◆ Exercise description:
Only the lines from the one with "Beanies Lornestreet Four" through the end of the data are wanted, copied exactly.
-- Excerpted data follows --
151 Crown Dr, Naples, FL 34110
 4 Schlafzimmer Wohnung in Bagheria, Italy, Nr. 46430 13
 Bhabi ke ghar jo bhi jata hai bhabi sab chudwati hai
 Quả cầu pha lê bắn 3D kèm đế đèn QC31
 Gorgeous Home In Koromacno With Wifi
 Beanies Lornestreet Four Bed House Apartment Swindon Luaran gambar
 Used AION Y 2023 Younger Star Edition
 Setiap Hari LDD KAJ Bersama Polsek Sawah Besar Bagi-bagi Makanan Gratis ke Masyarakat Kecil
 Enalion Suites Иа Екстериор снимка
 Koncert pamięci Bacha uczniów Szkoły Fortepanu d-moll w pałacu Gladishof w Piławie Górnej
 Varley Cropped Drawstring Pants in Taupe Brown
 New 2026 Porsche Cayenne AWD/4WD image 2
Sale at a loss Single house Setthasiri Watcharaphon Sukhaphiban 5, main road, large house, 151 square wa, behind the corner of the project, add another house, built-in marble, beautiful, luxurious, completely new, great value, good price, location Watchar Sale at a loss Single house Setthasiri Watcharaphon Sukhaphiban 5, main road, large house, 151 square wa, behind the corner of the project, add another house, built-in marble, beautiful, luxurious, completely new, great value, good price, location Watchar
-- Excerpted data concluded --
◆ Completed task:
 Beanies Lornestreet Four Bed House Apartment Swindon Luaran gambar
 Used AION Y 2023 Younger Star Edition
 Setiap Hari LDD KAJ Bersama Polsek Sawah Besar Bagi-bagi Makanan Gratis ke Masyarakat Kecil
 Enalion Suites Иа Екстериор снимка
 Koncert pamięci Bacha uczniów Szkoły Fortepanu d-moll w pałacu Gladishof w Piławie Górnej
 Varley Cropped Drawstring Pants in Taupe Brown
 New 2026 Porsche Cayenne AWD/4WD image 2
Sale at a loss Single house Setthasiri Watcharaphon Sukhaphiban 5, main road, large house, 151 square wa, behind the corner of the project, add another house, built-in marble, beautiful, luxurious, completely new, great value, good price, location Watchar Sale at a loss Single house Setthasiri Watcharaphon Sukhaphiban 5, main road, large house, 151 square wa, behind the corner of the project, add another house, built-in marble, beautiful, luxurious, completely new, great value, good price, location Watchar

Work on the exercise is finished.